What needs to be done
Pictures in the listing below are skipped, while the lines from the "You can see" line through the "To get started, hold" line are returned word for word.

Supplied information

--- START ---

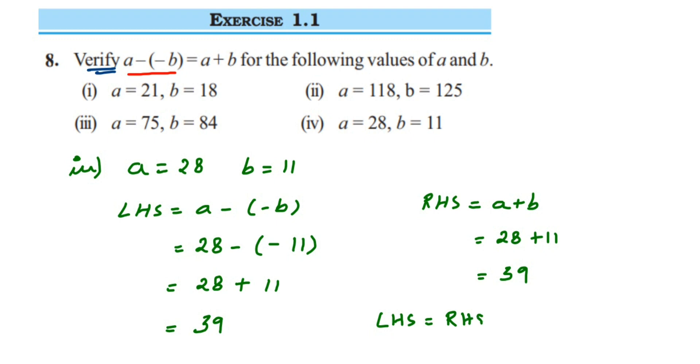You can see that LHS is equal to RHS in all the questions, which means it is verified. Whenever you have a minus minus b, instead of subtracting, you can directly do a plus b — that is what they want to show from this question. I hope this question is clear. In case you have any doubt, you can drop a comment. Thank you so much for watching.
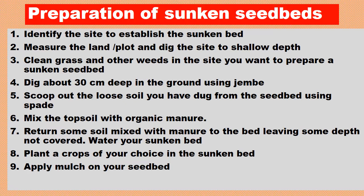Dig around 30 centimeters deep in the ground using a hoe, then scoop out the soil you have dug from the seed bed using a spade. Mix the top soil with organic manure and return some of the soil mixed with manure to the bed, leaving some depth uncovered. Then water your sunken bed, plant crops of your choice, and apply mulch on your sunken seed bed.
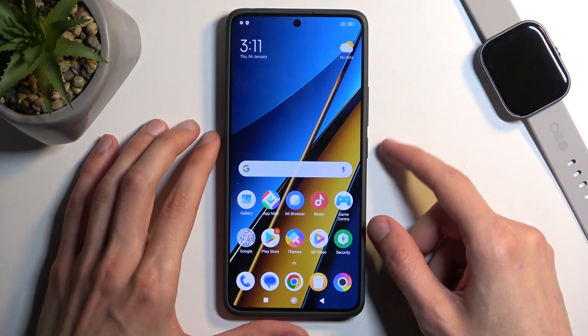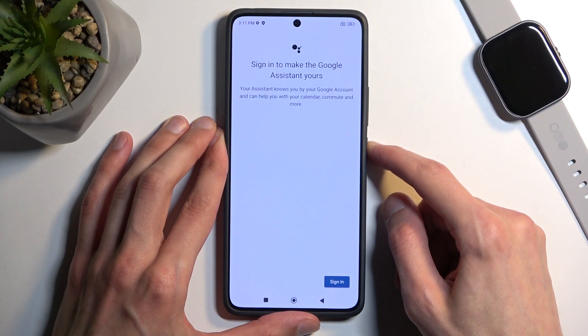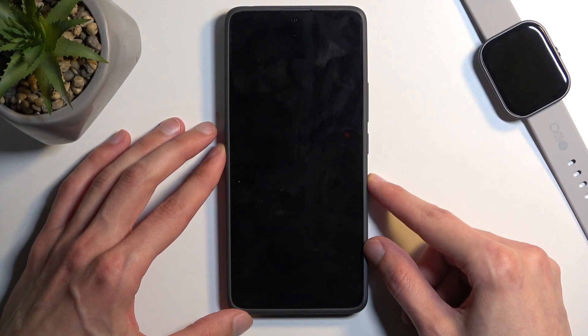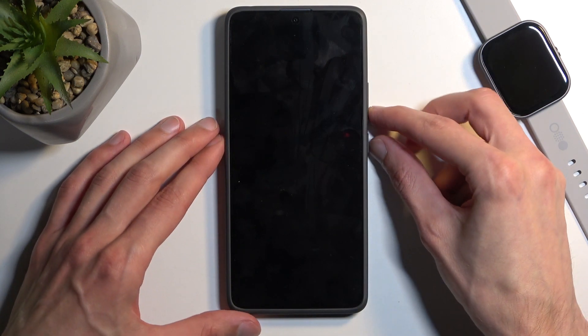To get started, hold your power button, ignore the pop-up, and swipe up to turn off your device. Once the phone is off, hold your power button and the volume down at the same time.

--- END ---
--- START ---

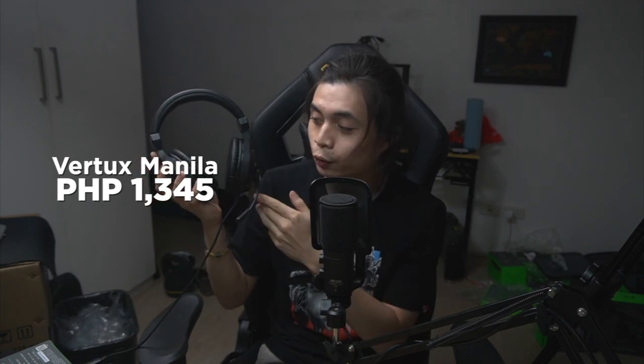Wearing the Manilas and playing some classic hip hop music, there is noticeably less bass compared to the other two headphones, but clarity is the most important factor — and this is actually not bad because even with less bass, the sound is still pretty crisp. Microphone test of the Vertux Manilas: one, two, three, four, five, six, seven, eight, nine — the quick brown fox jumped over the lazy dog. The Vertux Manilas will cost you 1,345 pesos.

--- END ---

Task response
You can see that LHS is equal to RHS in all the questions, which means it is verified. Whenever you have a minus minus b, instead of subtracting, you can directly do a plus b — that is what they want to show from this question. I hope this question is clear. In case you have any doubt, you can drop a comment. Thank you so much for watching.
Dig around 30 centimeters deep in the ground using a hoe, then scoop out the soil you have dug from the seed bed using a spade. Mix the top soil with organic manure and return some of the soil mixed with manure to the bed, leaving some depth uncovered. Then water your sunken bed, plant crops of your choice, and apply mulch on your sunken seed bed.
To get started, hold your power button, ignore the pop-up, and swipe up to turn off your device. Once the phone is off, hold your power button and the volume down at the same time.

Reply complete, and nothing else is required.